なぜか微妙に色が違って文句を言われた人への助け舟になれば・・・

拙者はPhotoshop歴25年くらいだけど、Web制作の現場などで何年かに一度、忘れた頃に起こる問題がPhotoshopでの作業時(PSDファイルの状態)と、JPEGやPNGなどWeb用素材に書き出した時で色味が若干違うという問題である。

コンピュータや世の中全般で扱う色の専門家ではないWebデザイナーやWebエンジニア、その他のWeb運営に関われる人で、似たような問題で沼にハマってしまった人を救い出すヒントを紹介する。

なお、業界(色や画像を専門に扱う分野)や、会社(上司やクライアントが効く耳持たずの昭和体質)のシキタリなどによっては、ここに書いてある程度の考え方では通用しない場合もあると思うけど、経験上、8割がたは切り抜けられると思う。

実際のWeb制作現場にありがちなシチュエーション例

2023年現在のスタンダードなWeb制作の現場では、できるだけ文字はテキストデータとしてHTMLに打ち込むのが基本。

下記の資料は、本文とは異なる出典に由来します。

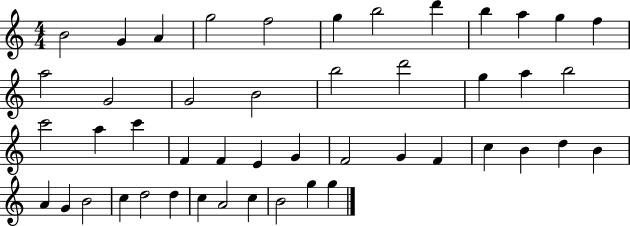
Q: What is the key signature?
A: C major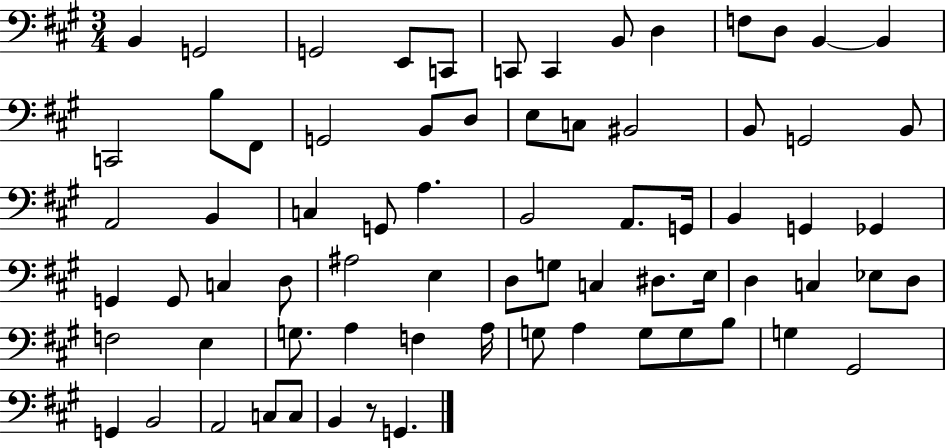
{
  \clef bass
  \numericTimeSignature
  \time 3/4
  \key a \major
  b,4 g,2 | g,2 e,8 c,8 | c,8 c,4 b,8 d4 | f8 d8 b,4~~ b,4 | \break c,2 b8 fis,8 | g,2 b,8 d8 | e8 c8 bis,2 | b,8 g,2 b,8 | \break a,2 b,4 | c4 g,8 a4. | b,2 a,8. g,16 | b,4 g,4 ges,4 | \break g,4 g,8 c4 d8 | ais2 e4 | d8 g8 c4 dis8. e16 | d4 c4 ees8 d8 | \break f2 e4 | g8. a4 f4 a16 | g8 a4 g8 g8 b8 | g4 gis,2 | \break g,4 b,2 | a,2 c8 c8 | b,4 r8 g,4. | \bar "|."
}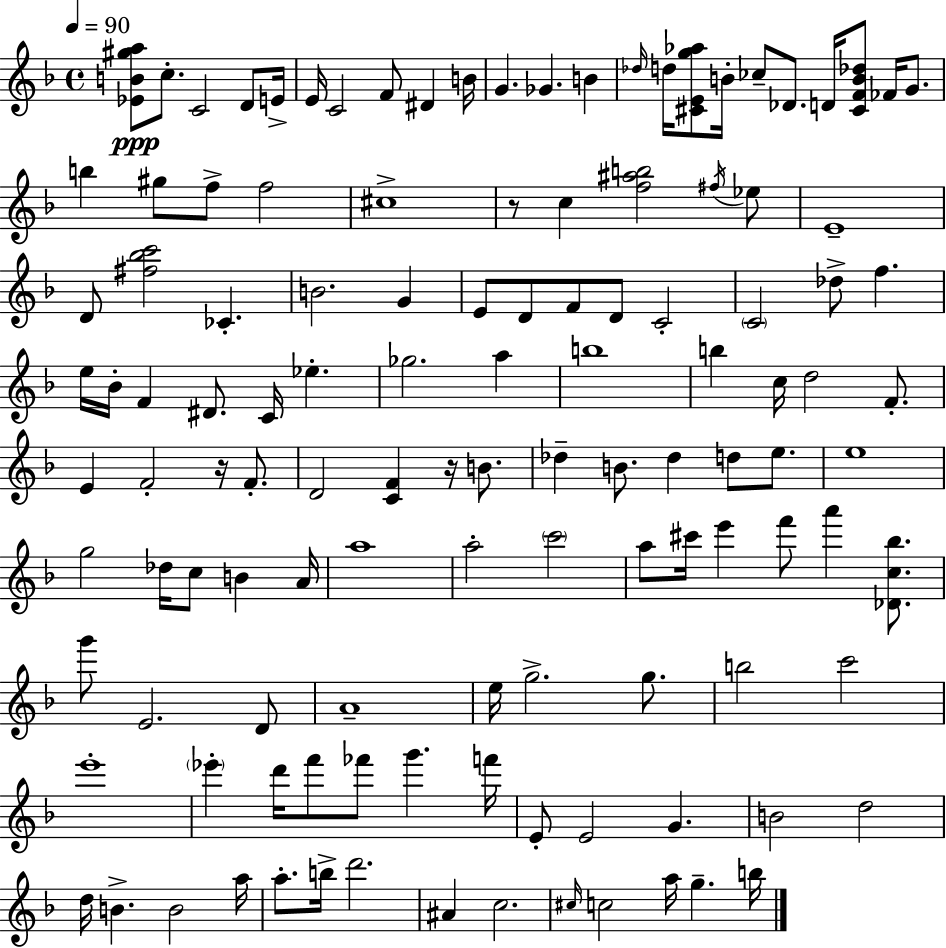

見出しやボタンなどはもちろん、エンタメ系やショッピング系を除けば、LPなどもなるべくテキストデータとしてデザインするのが主流。

アクセシビリティにも対応できて、急な文言の変更なども容易いので、制作者にとっても見る側にとっても悪くないことだ。

しかし、例えばカタめの企業サイトなどでカタログのデータをWebページに再現しないとならないとする。クライアントから支給されるクソ素材は製品の汚い写真だけだったりして、ややこしい表組や特殊な記号、単位などもわんさかあって、給料が安いにも関わらず、スケジュールがタイト過ぎたりして、とてもじゃないが全てHTMLで組むのが無謀な場合がある。

そんな場合の解決策として挙げられるのは、全部じゃないにしても、部分的にPhotoshopなどで画像としてデザインしてしまうことだ。Illustratorが得意な人はイラレでもいいが、イラレはイラレで問題が発生する場合もあるし、筆者はPhotoshop派なので今回はフォトショで解説する。

JPEGに書き出すと理論的に色味は変わって当たり前

基本事項として知っておかないとならないのは、Web用の画像として広く使われているJPEG画像は、仕組み的に色味が変わって当たり前ということ。

風景写真や猫の写真などではわからないことがほとんどなものの、JPEGは人間の目にわかりづらい程度に情報を間引いくことでファイル容量を圧縮しているのである。そのため、グラデーションのような表現は荒くなるし、人間の目にわかりづらい程度に色が置き換えられてしまうのだ。

極論を言えば、わけのわかっていない上司やクライアントから文句を言われた場合は、JPEGは色が変わるの仕組み的に当たり前という理屈で黙らせるのも一つの方法。これは覚えておくといつか役に立つと思う。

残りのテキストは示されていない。